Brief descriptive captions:
--------
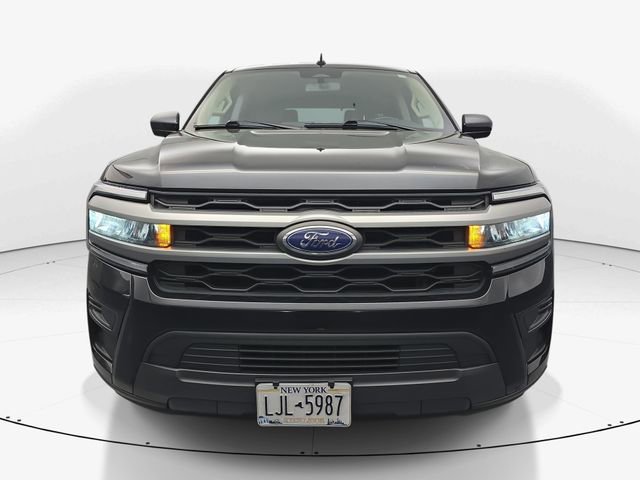 Used 2024 Ford Expedition XLT image 4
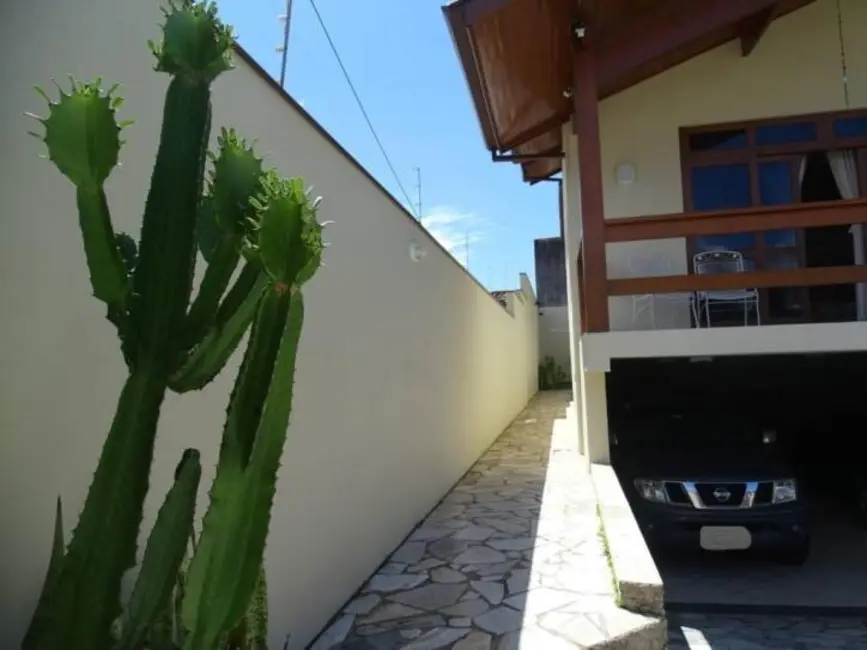 Foto 7 de Sobrado com 3 quartos à venda, 275m2 em Indaiá, Caraguatatuba - SP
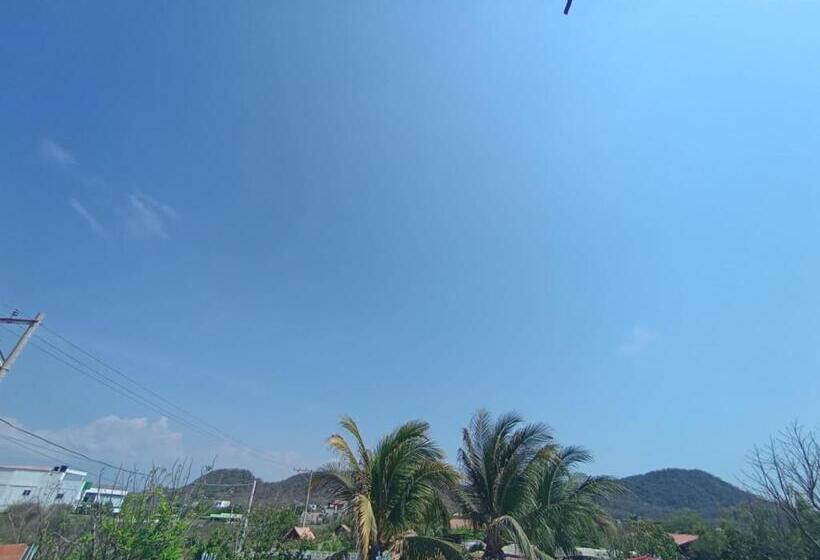 فندق Santa Veronica Inn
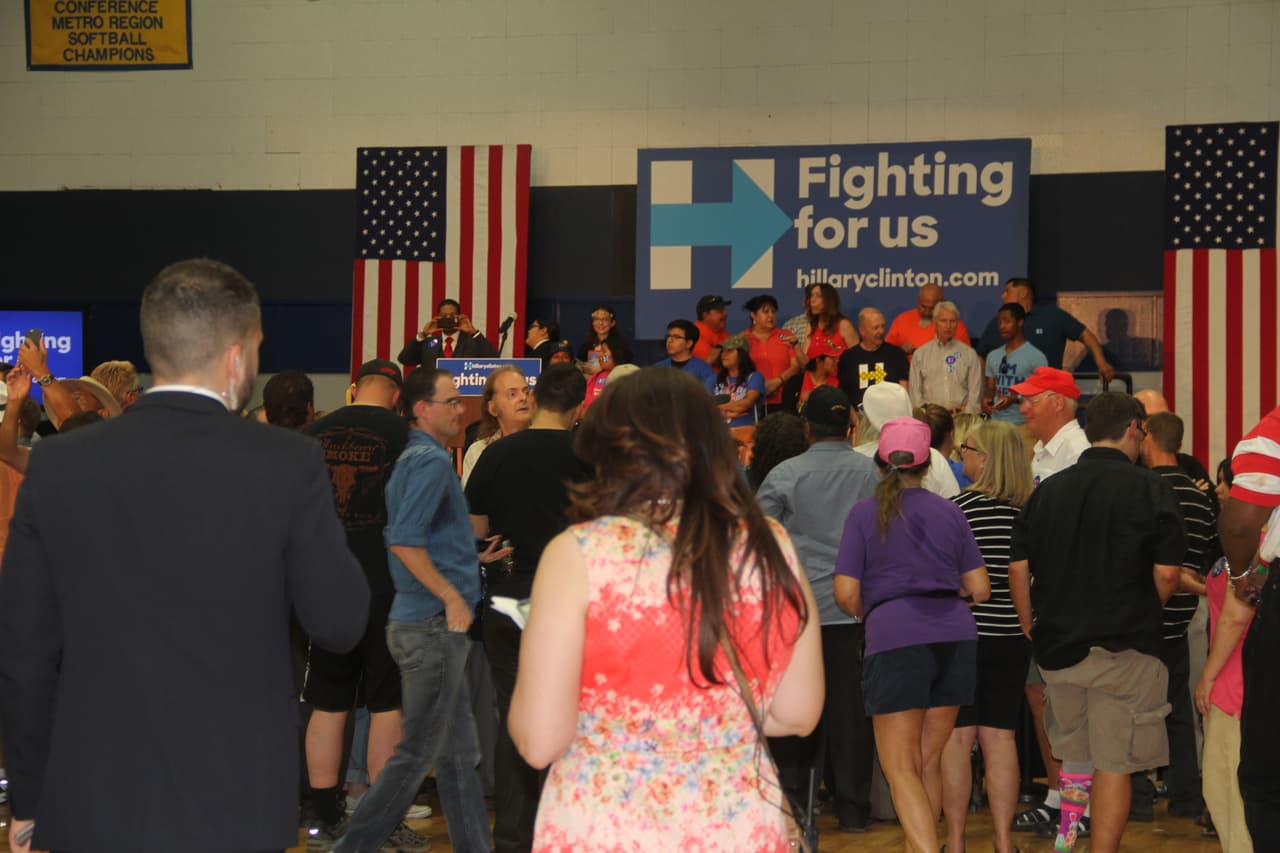 Todos tratando se estar en primera fila.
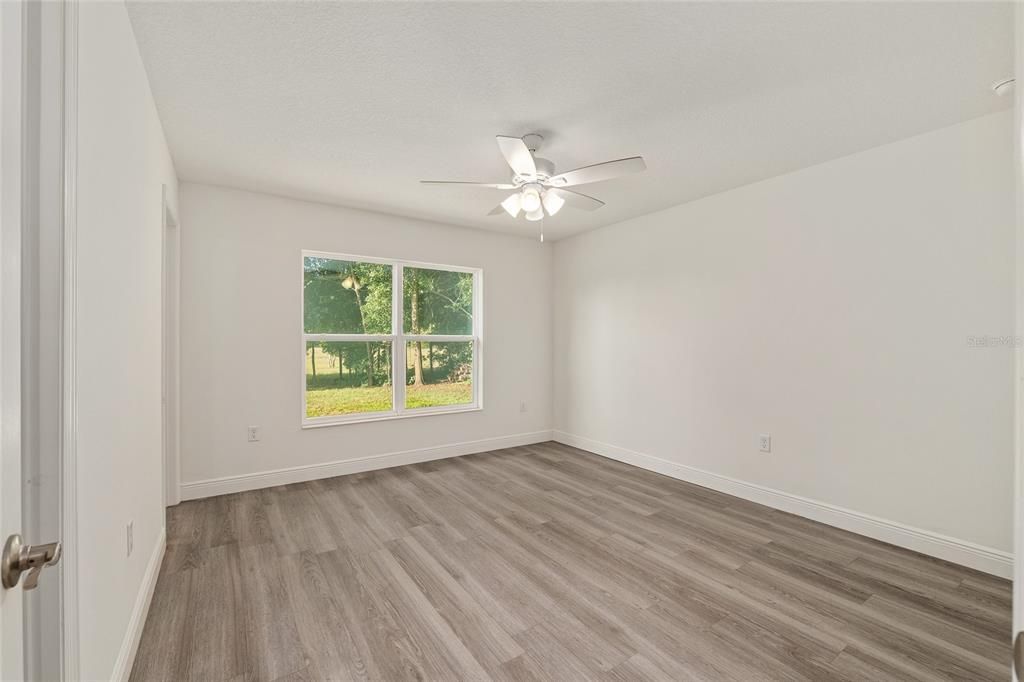 Active With Contract: $224,000 (3 beds, 2 baths, 1213 Square Feet)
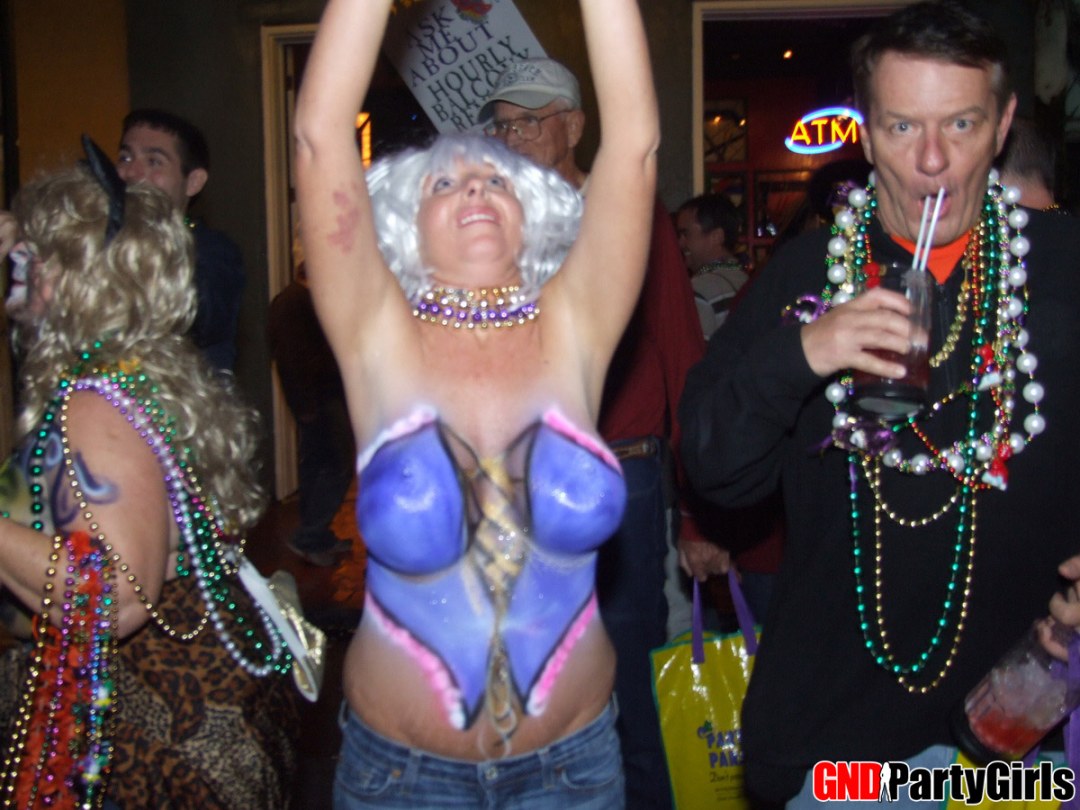 El pecho se iluminó en la fiesta corporativa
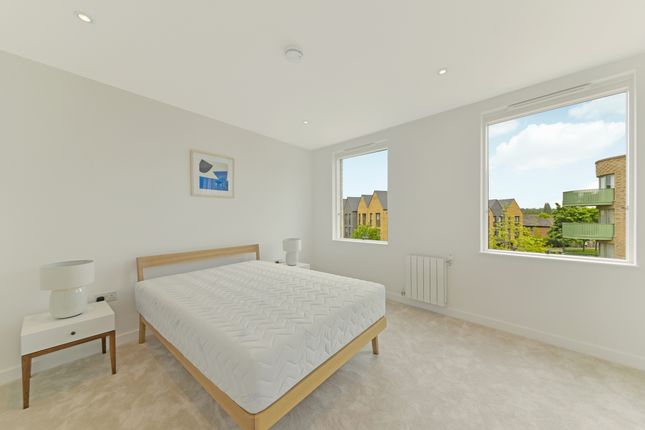 6,, Townsend Road, Kidbrooke Village, London photo 3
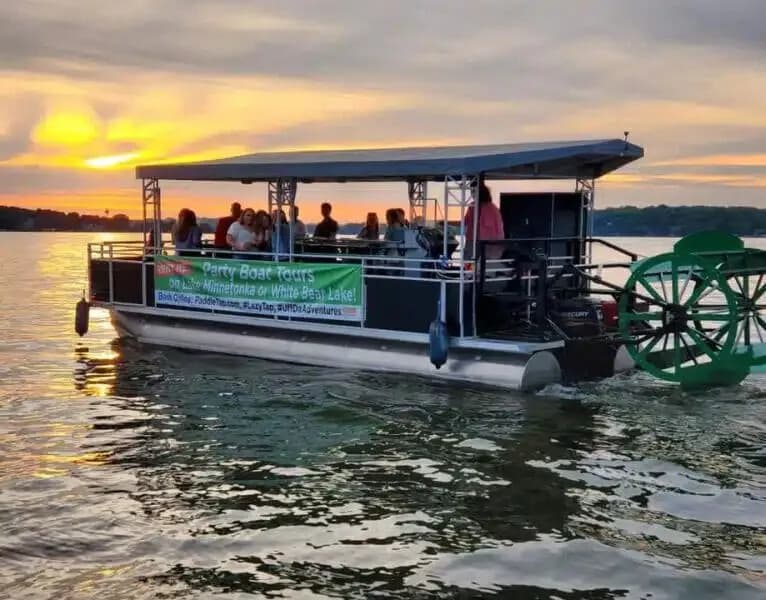 Lake Minnetonka Party Cruise: 3-Hour Private Boat Experience from Excelsior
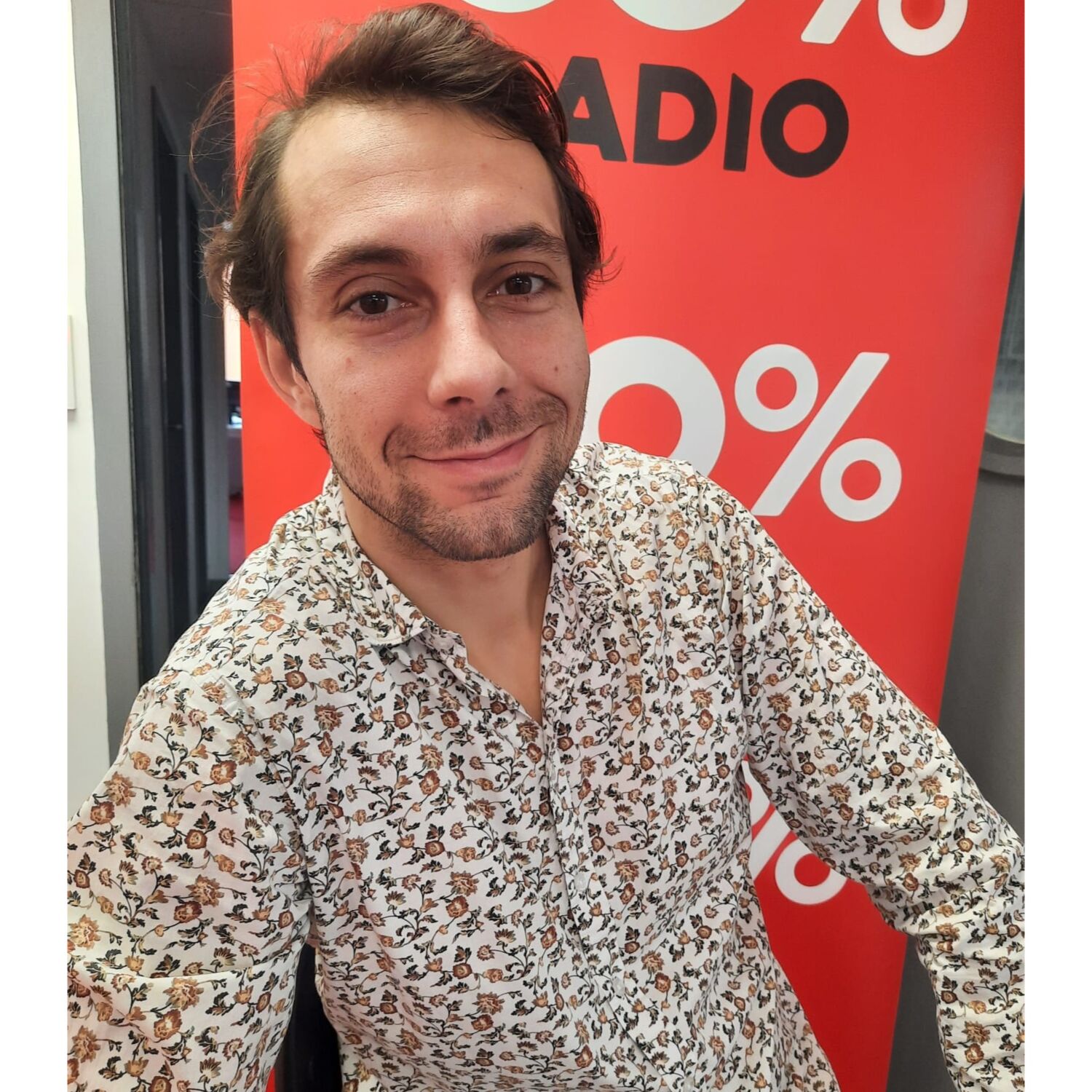 LA COMEDIE DE LA ROSERAIE- Mehdi sur 100% episode artwork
--------
**Task to complete:**
Starting at the line that contains "Foto 7 de Sobrado", return every line through the end of the records above exactly as written, and return no pictures.

**Written solution:**
 Foto 7 de Sobrado com 3 quartos à venda, 275m2 em Indaiá, Caraguatatuba - SP
 فندق Santa Veronica Inn
 Todos tratando se estar en primera fila.
 Active With Contract: $224,000 (3 beds, 2 baths, 1213 Square Feet)
 El pecho se iluminó en la fiesta corporativa
 6,, Townsend Road, Kidbrooke Village, London photo 3
 Lake Minnetonka Party Cruise: 3-Hour Private Boat Experience from Excelsior
 LA COMEDIE DE LA ROSERAIE- Mehdi sur 100% episode artwork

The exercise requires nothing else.